Realtime media

Overview

LiveKit provides realtime media exchange between participants using tracks. Each participant can publish and subscribe to as many tracks as makes sense for your application.

Audio tracks

Audio tracks are typically published from your microphone and played back on the other participants' speakers. You can also produce custom audio tracks, for instance to add background music or other audio effects.
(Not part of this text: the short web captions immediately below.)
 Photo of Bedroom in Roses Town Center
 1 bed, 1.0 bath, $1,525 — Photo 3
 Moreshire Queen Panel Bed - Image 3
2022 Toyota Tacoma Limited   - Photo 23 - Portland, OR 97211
AI agents can consume an audio track to perform speech-to-text, and can publish their own audio track with synthesized speech or other audio effects.

Video tracks

Video tracks are usually published from a webcam or other video source, and rendered on the other participants' screens within your application's UI. LiveKit also supports screen sharing, which commonly results in two video tracks from the same participant.
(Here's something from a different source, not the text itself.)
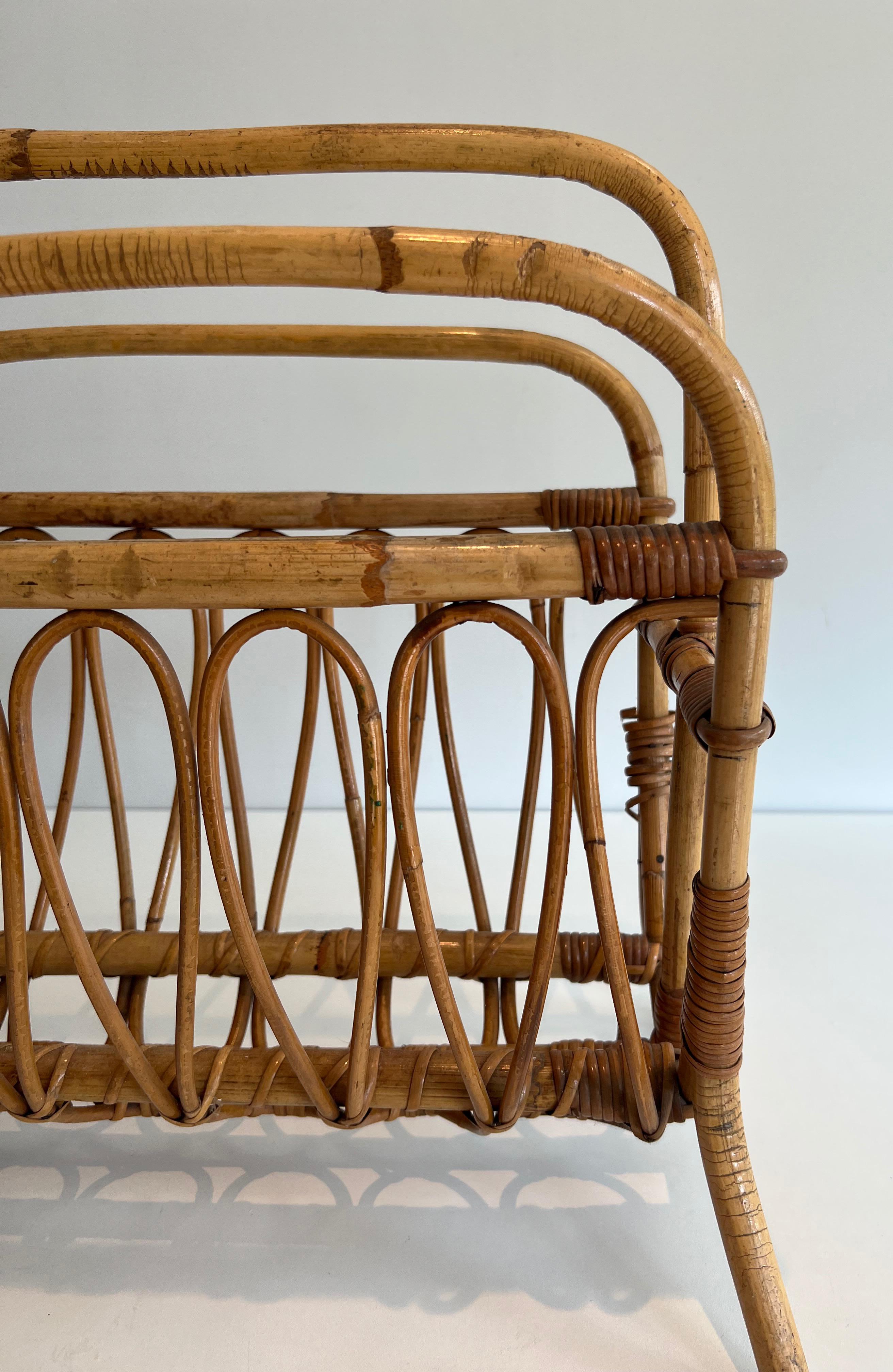 Rattan magazine rack For Sale 2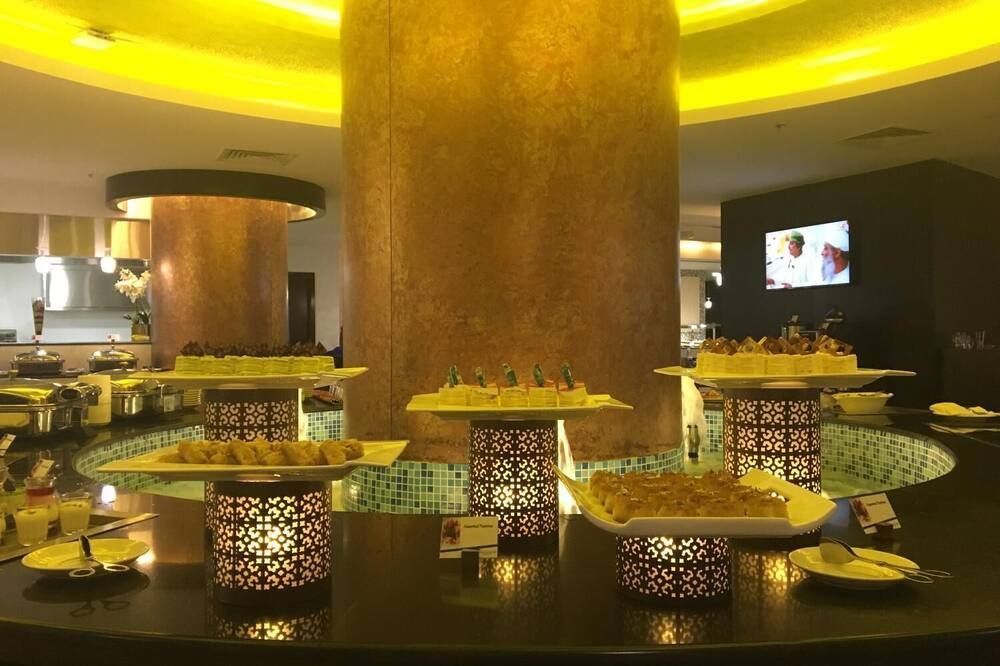 فندق جولدن توليب هيدينجتون روي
AI agents can subscribe to video tracks to perform vision-based tasks, and can publish their own video tracks with synthetic video or other visual effects.

Example use cases

The following examples demonstrate how to model your application for different use cases.

AI voice agent

Each room has two participants: an end-user and an AI agent. They can have a natural conversation with the following setup:

  • End-user: publishes their microphone track and subscribes to the AI agent's audio track
  • AI agent: subscribes to the user's microphone track and publishes its own audio track with synthesized speech

The UI may be a simple audio visualizer showing that the AI agent is speaking.

Video conference

Each room has multiple users. Each user publishes audio and/or video tracks and subscribes to all tracks published by others. In the UI, the room is typically displayed as a grid of video tiles.

Livestream

Each room has one broadcaster and a significant number of viewers. The broadcaster publishes audio and video tracks. The viewers subscribe to the broadcaster's tracks but do not publish their own. Interaction is typically performed with a chat component.

An AI agent may also join the room to publish live captions.

AI camera monitoring

Each room has one camera participant that publishes its video track, and one agent that monitors the camera feed and calls out to an external API to take action based on contents of the video feed (e.g. send an alert).

Alternatively, one room can have multiple cameras and an agent that monitors all of them, or an end-user could also optionally join the room to monitor the feeds alongside the agent.